With props from the likes of Justin Timberlake and Dr. Luke, and an impressive résumé of co-writing hits for Miley Cyrus (“Party in the U.S.A.”) and Chris Brown (“I Need This”), it’s no surprise that Jessie J is turning heads now that she’s launching out on a singing career. MTV News spoke with the 22-year-old Brit about her breakout hit, “Do It Like a Dude,” her upcoming album and bringing her music to the U.S.
“It’s almost my middle finger up to the industry in what I don’t want to sound like,” the singer said of “Do It Like a Dude,” a blunt tongue-in-cheek dance tune about the egotistical male persona that was originally meant for Rihanna. “It was almost like me doing a parody of myself. It’s fun and it’s young and it’s club and it’s cool. … It’s a play on words for anyone that feels they got someone in life that has an ego, and sometimes you really wanna say ’F off’ to. Everybody has that person in their life that intimidates them and makes feel them uncomfortable.”
Despite the track’s club-ready vibe, Jessie revealed that her debut album, Who You Are, won’t stick to any one genre. “I kind of wanted to take a risk on one album being quite eclectic,” she said. “I’m so glad the label has let me do it because that’s who I am. I could never have an album that was 14 versions of the single. To me, it would be just so boring.”
Jessie J explained that her goal was to make music that “stood the test of time” and represented her generation. Ultimately, Who You Are, is set to give “a very honest” impression of who she is. “I think you get to know me as well, my personality, my humor, my emotions, what makes me sad, what makes me angry.

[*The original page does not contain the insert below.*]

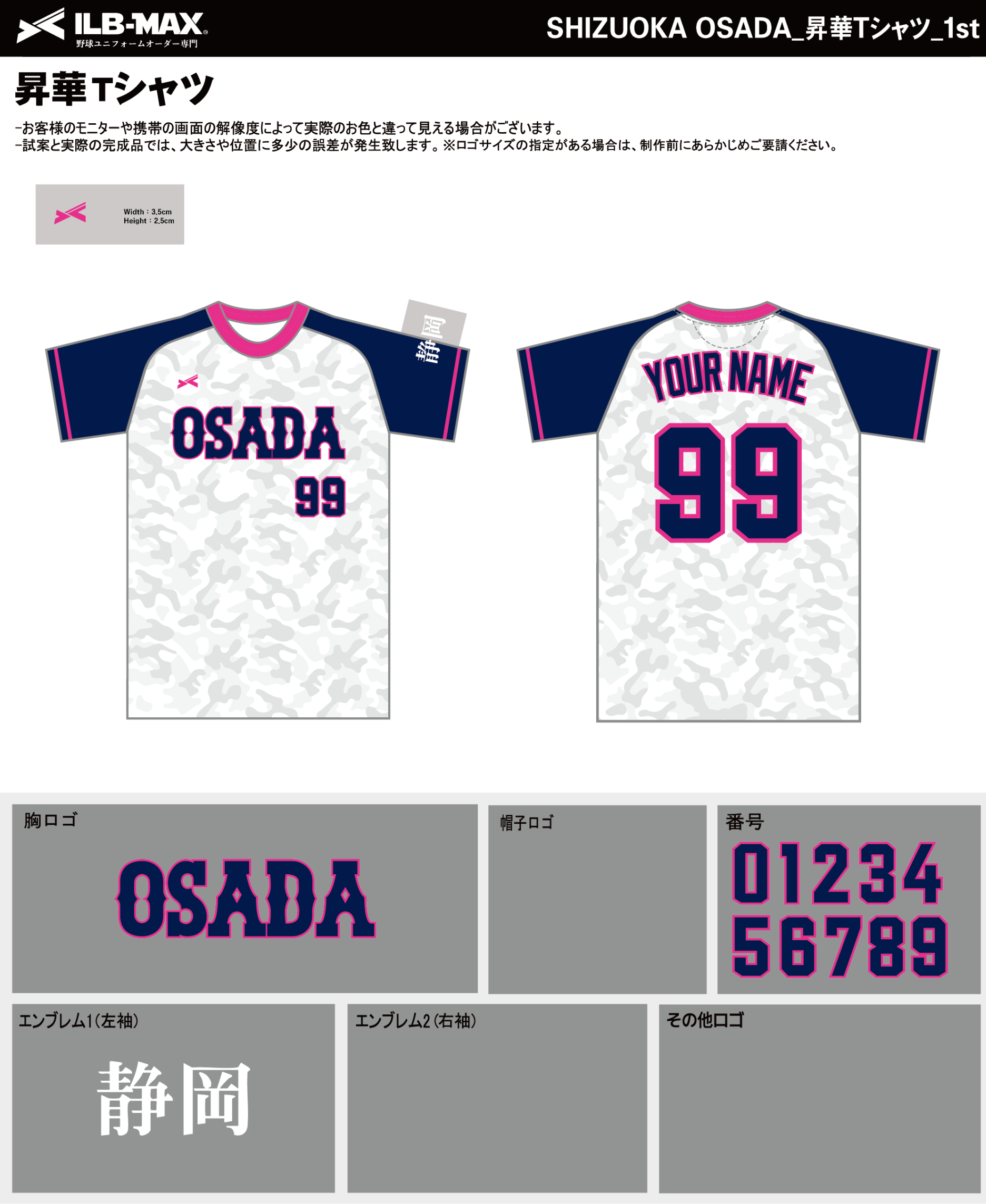 260914_SHIZUOKA OSADA_昇華Tシャツ1st追加_野球見積書 - 野球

I think it’s really relatable, which I think is very important. I can’t wait for it to come out.”
While Jessie has a few recordings left before wrapping up the LP, the songstress says she’s planning for a March release. In the meantime, she’s also written tracks for Britney Spears and Willow Smith, which, if they made the finished products, would up her profile considerably.

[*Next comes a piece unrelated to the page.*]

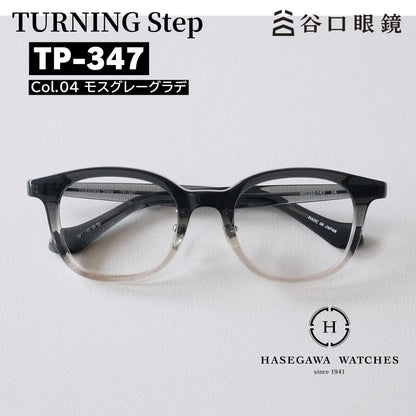 TP347 モスグレー グラデーション フロント正面写真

But Jessie is intent on creating an American fanbase the old-fashioned way. “I wanna do shows and get people talking and do it the organic way and how I’ve done it here,” she explained. “I obviously know I haven’t got seven years of promotion that I’ve been doing here, slowly and surely building up the buzz, but I’m ready to go to the U.S. and do what I gotta do and hope that people like it.”